Founders clear on limiting governmentIn these days of...


September 20, 1998

Founders clear on limiting government

In these days of moral relativism, it might help all of us if we examined our own consciences and beliefs. The late Barry Goldwater said, "Extremism in the pursuit of liberty is no vice, moderation in the pursuit of justice is no virtue."

We cannot be halfhearted in our acceptance and adherence of the whole Constitution if our republic is to survive.

The Constitution states in Article 10: "The powers not delegated to the United States by the Constitution, nor prohibited by it to the states, are reserved to the states respectively or to the people."

If everyone believed this and insisted that the Congress adhere strictly to this, we would have no Department of Education dictating what our children learn in school, no Department of Energy making us dependent on foreign oil, no Environmental Protection Agency ruling that the snail darter and owl are more important than people and a host of other agencies funding questionable and unconstitutional causes such as the National Endowment for the Arts.

Our forefathers provided for a government of strictly limited powers. Are we insisting on limited government? Or do we just believe in a "moderately" limited government?

To learn more about the Constitution, see the William Winchester chapter of the Maryland State Society Daughters of the American Revolution's exhibit at Coffee's Music Store, 31 E. Main St., Westminster.

Ruth Shriver


Thanks to helpers for ALPHA concert

I am writing to publicly acknowledge the work of numerous volunteers and the contributions of more than 50 local businesses that helped make the recent ALPHA (Active Locals Preventing Heroin Addiction) concert a tremendous success.

Because of their efforts, more than $13,000 was raised to benefit organizations promoting prevention and treatment of drug and alcohol abuse.

The young people who developed the idea for the concert -- Matt Crum, John Purvis and Steve Bohli -- paid fitting tribute to their friend, Liam O'Hara, by encouraging their peers to learn from his death. They communicated their message through music, and they definitely reached their audience.

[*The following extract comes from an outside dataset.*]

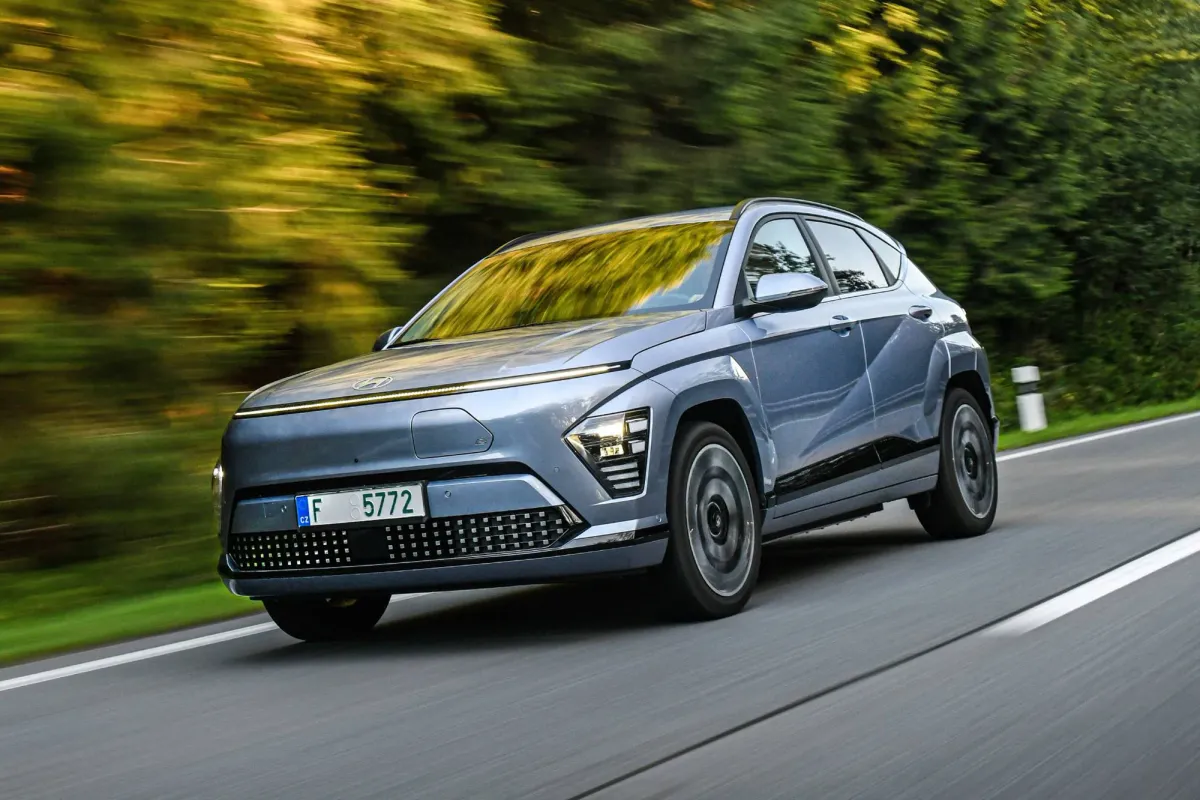 Hyundai Kona Eléctrico 2023: ¿Una Revolución Sobre Ruedas? 🚗⚡️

Reaching the audience is our challenge as a community and as individuals. We must communicate our concern and our values more effectively to our young people. We must drown out the voices that would lead them to drugs and alcohol.

Allowing our young people to reach us is also our challenge. We must be available to them. We must listen to them.

The ALPHA concert offered an opportunity to face these challenges.

I am looking forward to being part of more events like this, which bring caring members of the community together to fight against drug and alcohol addiction in our youth.

Ellen Willis Miller


The writer is a state delegate in the 5th Legislative District.

Veterans hurt by cuts as funds go to scandal

One of the things Congress voted to cut was the veterans programs by $815 billion to use on highways. Meanwhile, more than $40 million gets wasted on a scandal and millions more get sent overseas.

The cuts are hurting health care and veterans. The Sun reported Sept. 8 that military men and women are having to go to welfare to get food stamps so their families can have food on the table. What is this country coming to?

William B. Rau III


Pat Holbert active in war on drugs

I love living and working in this country. I feel so blessed to be raising my family here. So I feel very angry when I hear people outside Carroll call our home, "The rural drug capital of the United States."

But I am immensely reassured to know that there are citizens such as my neighbor Patricia Holbert who are so dedicated and active in making Carroll County a safe and prosperous place for all of us to live and raise our families.

She has visited every part of our county and met with mayors and community leaders. She has gone on ride-alongs with firefighters, local police, sheriffs and state police. She utilizes this knowledge to help individuals and organizations connect with resources. She also helps build diverse groups in the community.

Ms. Holbert has practical teamwork experience on the Land-use Committee to Update the Master Plan as well as in-depth knowledge of county issues and workable solutions. As a vice president of Residents Attacking Drugs (RAD) and board member of the Good Samaritan Network, she is actively involved in preventing substance abuse among our children and protecting their lives.

Last month, she was a key organizer of the ALPHA concert (Active Locals Preventing Heroin Abuse). On Oct. 10, she will host the Prevention of Substance Abuse Art Show and Auction, in part to establish a scholarship fund for the Reality Program, a "scared straight" approach for youthful substance abuse offenders supported solely with donated funds.

As a substitute teacher and mother of three boys in Carroll schools, she knows firsthand the concerns and issues of public education.

Most of all, Patricia Holbert is an inspiration to those who know and work with her. Long before this election, late one night the nursing home near us caught fire. While my husband and I said, "isn't that awful," Ms. Holbert went to the victims, offering them comfort and assistance. When other people see a problem and say "tsk, tsk," Pat mobilizes people and resources to solve the problem.

Kathleen A. Bassford


The writer is director of the Good Samaritan Network Inc.